O teatro da família e a família do teatro

'José, o Pai' de Elmano Sancho. Foto ©Sofia Berberan

Elmano Sancho, da Companhia Loup Solitaire, estreou José, o Pai, a terceira parte da sua trilogia sobre a Sagrada Família, após Maria, a Mãe (2020) e Jesus, o Filho (2022). A estreia foi na sexta-feira, 26 de maio de 2023, na Casa das Artes de Famalicão, e eu fui ver o espetáculo no sábado 27 de maio, convidado pelo Paulo Lage, da equipa de Loup Solitaire.

José, o Pai parece que nem quer ser drama nem quer ser comédia, embora se aproxime mais desta, com um humor sarcástico em certos momentos e quase absurdo noutros. Da comédia recolhe as entradas e saídas inesperadas e a substituição das portas por uma espécie de evocação abstrata de decorações de um teatro, desses que reluzem dourados e vermelhos de muita pompa. Também o recurso à metateatralidade, no facto de que as personagens atuam para entreter a velhice do pai, o grande ator idoso sem trabalho, que está à espera de que um telefonema o volte colocar nos palcos.

Com ele interagem a filha branca, Antígona de Jesus, interpretada por Sílvia Filipe com grande elegância e subtil ironia no humor; a neta negra adolescente, Ana Cristina, interpretada com uma fisicalidade de bailarina e uma graça muito singular por Djucu Dabó; e a atriz branca, jovem e inexperiente, de nome Agripina, interpretada por Isadora Alves com irónica sensualidade, a brincar com o estereótipo da aspirante a diva. Três mulheres que entram e saem e fazem as suas atuações, incluindo números musicais em playback, para José, o pai, e para nós.

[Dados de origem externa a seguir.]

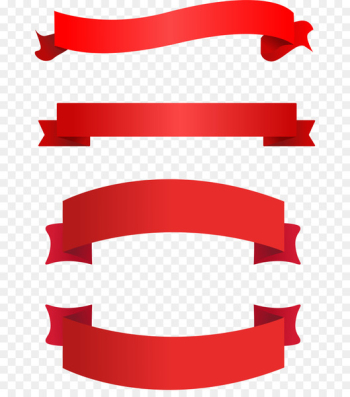 Ribbon Banner Clip art - ribbon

Agripina, que vem juntamente com quem fora, ou talvez ainda seja, um grande ator, para pedir ajuda para a preparação de uma audição, oferece-nos, em registo de comédia, com um certo distanciamento, dois fragmentos externos que entram na metateatralidade da peça, como homenagem e reforço temático, tal como acontece com as canções escolhidas. São eles um fragmento de A voz humana, de Jean Cocteau, e o outro é o da jovem aspirante a atriz de A Gaivota, de Anton Tchekhov. Colocados neste contexto convertem-se, em parte, em sarcásticos e deixam ver o exagero das paixões que os animam.

José, o pai, interpretado por Jorge Pinto com cómica insolência e autoridade como refúgio, também atua para ele, porque essa é a sua necessidade vital, para elas e para nós. Assim sendo, as espetadoras e espetadores, mais do que testemunhas atrás do quarto muro, numa peça dramática realista, parecem também ser incluídos dentro desta família teatral, nesta comédia estranha.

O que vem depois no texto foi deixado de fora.